- [Task prompt]:
Below are the entries; determine how many of their lines contain the string "beds" and give that figure alone.

- [Extracted data]:
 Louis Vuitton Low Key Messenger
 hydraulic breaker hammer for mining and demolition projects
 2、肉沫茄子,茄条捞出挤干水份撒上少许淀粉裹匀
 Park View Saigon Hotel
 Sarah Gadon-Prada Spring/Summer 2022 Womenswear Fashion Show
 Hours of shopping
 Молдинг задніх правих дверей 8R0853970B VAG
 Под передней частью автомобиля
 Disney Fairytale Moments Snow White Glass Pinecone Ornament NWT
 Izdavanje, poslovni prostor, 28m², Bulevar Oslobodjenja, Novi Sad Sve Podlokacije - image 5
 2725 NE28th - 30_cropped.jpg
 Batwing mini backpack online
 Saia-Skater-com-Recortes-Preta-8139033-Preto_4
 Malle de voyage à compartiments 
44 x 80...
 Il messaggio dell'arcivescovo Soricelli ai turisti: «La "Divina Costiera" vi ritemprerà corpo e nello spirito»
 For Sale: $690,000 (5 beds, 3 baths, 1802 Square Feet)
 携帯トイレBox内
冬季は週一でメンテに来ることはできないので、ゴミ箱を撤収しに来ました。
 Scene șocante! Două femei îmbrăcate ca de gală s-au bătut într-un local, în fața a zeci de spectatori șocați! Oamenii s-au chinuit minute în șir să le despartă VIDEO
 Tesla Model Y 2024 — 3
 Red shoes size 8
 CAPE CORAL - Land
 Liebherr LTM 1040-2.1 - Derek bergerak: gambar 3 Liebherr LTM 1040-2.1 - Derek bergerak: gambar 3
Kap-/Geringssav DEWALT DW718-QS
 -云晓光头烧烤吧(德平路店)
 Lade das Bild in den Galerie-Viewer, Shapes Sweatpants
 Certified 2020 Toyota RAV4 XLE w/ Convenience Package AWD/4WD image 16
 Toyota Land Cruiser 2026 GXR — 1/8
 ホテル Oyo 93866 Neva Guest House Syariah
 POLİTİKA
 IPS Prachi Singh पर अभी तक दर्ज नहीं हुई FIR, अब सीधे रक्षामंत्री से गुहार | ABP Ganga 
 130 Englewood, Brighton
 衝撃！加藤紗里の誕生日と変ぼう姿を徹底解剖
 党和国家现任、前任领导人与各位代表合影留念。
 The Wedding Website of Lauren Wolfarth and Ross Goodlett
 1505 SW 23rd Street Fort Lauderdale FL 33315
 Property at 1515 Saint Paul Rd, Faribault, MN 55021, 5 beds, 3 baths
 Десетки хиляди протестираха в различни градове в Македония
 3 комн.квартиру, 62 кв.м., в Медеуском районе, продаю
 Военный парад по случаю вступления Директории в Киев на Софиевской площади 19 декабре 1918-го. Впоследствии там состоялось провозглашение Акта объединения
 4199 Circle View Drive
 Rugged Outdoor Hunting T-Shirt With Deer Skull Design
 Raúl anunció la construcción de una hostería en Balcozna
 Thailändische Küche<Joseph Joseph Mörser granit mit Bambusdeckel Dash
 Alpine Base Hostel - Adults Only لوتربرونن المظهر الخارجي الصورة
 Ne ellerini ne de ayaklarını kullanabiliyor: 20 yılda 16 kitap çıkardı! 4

- [Completed exercise]:
2